Under John Moriarty's baton, the rubbery-faced Dana Krueger held forth as the rigid Augusta while baritone Brian Steele created a powerful impression as her husband, Horace Tabor. Most notable was Amy Burton's winsome portrayal of Baby Doe; a vision of loveliness that could make any miner's heart melt. All in all, it was a delightful performance which upheld the legacy of the Central City Opera.

URBAN COWBOYS

After an absence of nearly 14 years from its repertoire, the New York City Opera revived The Ballad of Baby Doe last October as a vehicle for soprano Faith Esham. Watching over the proceedings with a critical eye was NYCO's outgoing General Director, Beverly Sills, who had starred in the opera's 1958 New York premiere and recorded it for MGM Records (Baby Doe has since been reissued on Deutsche Grammaphon). Under Rhoda Levine's stage direction, Esham did very nicely with the title character, capturing the healthy glow of Baby's charm and rising nobly to the challenge of her final aria.

A sudden replacement for Timothy Nolen (whose new-found stardom in Broadway's Phantom of the Opera forced him to bow out of this revival) baritone William Parcher scored a major career triumph as Horace Tabor. Parcher's acting captured much more of Tabor's pioneer spirit than many other baritones who sing the role and Sills later confessed to me that even she was surprised at how much his portrayal reminded her of Walter Cassel's interpretation of the Colorado Silver King.

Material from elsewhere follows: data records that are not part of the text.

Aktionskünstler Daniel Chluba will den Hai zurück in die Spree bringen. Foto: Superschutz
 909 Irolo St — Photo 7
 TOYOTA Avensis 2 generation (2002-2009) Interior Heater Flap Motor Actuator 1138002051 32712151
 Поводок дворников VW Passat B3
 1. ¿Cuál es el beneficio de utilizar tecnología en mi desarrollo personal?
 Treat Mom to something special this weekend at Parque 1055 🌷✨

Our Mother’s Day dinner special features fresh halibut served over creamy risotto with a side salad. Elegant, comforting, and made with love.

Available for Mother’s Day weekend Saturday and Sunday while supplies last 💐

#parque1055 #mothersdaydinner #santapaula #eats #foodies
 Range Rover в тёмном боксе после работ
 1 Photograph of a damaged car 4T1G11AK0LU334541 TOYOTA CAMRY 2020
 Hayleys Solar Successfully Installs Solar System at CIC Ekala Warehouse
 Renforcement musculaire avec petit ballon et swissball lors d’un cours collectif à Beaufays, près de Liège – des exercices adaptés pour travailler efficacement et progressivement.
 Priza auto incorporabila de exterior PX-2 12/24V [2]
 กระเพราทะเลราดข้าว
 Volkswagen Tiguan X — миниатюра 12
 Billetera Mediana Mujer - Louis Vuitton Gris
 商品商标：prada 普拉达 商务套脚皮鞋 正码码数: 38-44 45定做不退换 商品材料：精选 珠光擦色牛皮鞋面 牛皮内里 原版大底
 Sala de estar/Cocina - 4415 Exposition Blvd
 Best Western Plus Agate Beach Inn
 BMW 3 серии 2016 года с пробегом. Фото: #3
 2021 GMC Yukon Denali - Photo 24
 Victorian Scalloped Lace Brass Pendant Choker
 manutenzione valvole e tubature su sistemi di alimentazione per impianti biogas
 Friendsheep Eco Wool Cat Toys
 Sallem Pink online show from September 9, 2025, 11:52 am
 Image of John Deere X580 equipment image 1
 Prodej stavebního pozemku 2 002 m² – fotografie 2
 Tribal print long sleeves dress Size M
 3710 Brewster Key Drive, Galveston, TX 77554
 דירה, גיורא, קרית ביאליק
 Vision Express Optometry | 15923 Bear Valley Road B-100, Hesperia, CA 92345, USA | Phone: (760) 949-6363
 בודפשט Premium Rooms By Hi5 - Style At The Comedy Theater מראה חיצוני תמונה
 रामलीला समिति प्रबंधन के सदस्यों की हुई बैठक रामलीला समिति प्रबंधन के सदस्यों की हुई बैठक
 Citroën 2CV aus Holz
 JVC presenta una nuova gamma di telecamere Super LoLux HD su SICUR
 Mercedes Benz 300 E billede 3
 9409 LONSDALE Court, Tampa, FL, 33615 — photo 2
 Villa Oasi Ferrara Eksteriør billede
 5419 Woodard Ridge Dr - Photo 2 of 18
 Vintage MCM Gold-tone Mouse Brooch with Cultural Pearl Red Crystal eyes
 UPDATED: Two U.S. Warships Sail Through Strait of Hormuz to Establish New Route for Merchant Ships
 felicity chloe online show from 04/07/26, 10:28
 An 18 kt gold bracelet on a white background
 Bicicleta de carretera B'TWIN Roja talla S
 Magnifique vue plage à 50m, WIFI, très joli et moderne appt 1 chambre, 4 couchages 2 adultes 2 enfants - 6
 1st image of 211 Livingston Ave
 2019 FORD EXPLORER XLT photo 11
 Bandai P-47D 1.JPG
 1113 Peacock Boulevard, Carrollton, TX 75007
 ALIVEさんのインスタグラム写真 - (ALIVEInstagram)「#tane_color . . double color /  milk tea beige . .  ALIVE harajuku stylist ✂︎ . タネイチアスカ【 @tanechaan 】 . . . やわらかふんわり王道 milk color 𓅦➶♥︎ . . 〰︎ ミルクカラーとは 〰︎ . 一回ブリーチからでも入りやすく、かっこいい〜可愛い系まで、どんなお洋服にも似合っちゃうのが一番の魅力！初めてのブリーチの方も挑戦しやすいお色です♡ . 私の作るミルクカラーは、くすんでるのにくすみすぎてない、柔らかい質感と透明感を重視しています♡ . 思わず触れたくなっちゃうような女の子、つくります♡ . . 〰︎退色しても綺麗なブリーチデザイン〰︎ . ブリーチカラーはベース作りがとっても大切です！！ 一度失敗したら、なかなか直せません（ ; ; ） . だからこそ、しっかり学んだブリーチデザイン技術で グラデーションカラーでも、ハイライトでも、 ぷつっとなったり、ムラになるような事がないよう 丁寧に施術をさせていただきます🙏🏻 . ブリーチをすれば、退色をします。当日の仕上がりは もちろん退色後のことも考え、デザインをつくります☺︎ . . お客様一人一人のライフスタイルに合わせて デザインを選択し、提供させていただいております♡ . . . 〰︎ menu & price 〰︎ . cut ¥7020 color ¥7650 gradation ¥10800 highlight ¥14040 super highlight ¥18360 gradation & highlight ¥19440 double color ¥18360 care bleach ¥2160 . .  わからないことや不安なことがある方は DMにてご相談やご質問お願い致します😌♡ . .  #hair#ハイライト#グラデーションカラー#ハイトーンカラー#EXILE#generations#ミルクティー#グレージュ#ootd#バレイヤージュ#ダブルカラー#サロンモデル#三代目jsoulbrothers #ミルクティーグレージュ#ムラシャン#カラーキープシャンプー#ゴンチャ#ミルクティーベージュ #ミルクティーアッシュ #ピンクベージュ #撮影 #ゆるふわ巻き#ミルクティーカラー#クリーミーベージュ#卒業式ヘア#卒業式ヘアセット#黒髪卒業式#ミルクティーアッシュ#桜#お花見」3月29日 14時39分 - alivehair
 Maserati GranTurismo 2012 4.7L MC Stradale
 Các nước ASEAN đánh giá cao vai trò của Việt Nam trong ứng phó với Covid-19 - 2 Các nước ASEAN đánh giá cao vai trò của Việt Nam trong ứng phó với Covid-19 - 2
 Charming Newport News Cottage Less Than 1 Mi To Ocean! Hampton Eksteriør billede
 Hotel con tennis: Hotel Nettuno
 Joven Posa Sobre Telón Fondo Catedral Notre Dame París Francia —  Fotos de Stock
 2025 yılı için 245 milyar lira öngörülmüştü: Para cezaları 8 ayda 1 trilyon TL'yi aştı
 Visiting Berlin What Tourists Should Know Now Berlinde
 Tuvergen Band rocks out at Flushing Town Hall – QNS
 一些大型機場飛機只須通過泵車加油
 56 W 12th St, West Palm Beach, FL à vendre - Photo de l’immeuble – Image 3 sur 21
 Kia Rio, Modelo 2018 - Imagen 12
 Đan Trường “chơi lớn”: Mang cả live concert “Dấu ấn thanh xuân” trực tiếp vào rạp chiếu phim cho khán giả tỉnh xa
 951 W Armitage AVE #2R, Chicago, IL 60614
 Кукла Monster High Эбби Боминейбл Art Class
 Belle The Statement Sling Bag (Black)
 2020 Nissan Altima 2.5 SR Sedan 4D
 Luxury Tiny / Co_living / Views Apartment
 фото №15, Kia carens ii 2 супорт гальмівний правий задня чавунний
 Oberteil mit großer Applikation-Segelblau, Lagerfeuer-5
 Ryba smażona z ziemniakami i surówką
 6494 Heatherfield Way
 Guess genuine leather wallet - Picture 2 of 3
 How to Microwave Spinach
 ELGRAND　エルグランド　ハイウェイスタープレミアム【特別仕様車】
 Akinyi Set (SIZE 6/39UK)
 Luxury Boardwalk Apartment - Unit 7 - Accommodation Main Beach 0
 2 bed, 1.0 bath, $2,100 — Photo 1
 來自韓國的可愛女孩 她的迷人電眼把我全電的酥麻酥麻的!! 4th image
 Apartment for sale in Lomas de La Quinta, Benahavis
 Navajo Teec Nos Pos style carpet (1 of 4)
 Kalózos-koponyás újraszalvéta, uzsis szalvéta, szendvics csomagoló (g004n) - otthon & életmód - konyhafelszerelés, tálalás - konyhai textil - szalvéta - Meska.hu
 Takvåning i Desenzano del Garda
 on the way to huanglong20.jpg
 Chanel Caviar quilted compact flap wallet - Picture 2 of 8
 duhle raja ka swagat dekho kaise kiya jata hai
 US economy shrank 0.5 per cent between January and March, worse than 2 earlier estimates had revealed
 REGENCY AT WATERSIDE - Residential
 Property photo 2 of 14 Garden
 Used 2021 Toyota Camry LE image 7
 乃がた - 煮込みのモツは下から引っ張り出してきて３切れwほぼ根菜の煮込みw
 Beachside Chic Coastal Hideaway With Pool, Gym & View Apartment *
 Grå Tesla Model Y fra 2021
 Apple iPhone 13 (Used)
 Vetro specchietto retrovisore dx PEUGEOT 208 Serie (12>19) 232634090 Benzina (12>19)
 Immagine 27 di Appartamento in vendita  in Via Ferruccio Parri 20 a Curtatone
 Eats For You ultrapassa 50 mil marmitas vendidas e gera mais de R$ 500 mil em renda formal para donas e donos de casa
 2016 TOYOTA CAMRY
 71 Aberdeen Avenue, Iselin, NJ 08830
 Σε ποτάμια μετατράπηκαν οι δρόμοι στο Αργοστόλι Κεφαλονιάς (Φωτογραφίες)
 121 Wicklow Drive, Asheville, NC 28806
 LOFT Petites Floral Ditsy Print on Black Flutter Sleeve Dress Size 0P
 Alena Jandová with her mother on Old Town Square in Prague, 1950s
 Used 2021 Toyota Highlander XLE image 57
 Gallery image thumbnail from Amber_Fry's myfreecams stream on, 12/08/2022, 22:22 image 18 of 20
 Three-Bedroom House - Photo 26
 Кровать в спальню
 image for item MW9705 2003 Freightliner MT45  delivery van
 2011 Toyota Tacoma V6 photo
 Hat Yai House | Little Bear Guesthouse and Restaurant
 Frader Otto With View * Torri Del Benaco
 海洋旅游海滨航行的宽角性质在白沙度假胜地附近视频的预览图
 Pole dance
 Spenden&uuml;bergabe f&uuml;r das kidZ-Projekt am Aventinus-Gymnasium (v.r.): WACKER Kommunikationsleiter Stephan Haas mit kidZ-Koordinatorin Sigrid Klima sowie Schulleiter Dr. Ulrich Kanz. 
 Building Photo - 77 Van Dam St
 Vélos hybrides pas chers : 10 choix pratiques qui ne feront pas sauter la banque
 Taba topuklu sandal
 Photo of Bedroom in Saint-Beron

Mezzo-soprano Joyce Castle scored strongly as Augusta Tabor and, with conductor Hal France guiding matters from the podium, the opening night performance was a smashing success. Judging from the enthusiastic cheering after each one of Esham's arias (as well as during curtain calls -- when it seemed as if the New York State Theatre was filled to the rafters with Baby Doe queens) this revival was embraced with the kind of deep-throated enthusiasm reserved for very special occasions in the theatre.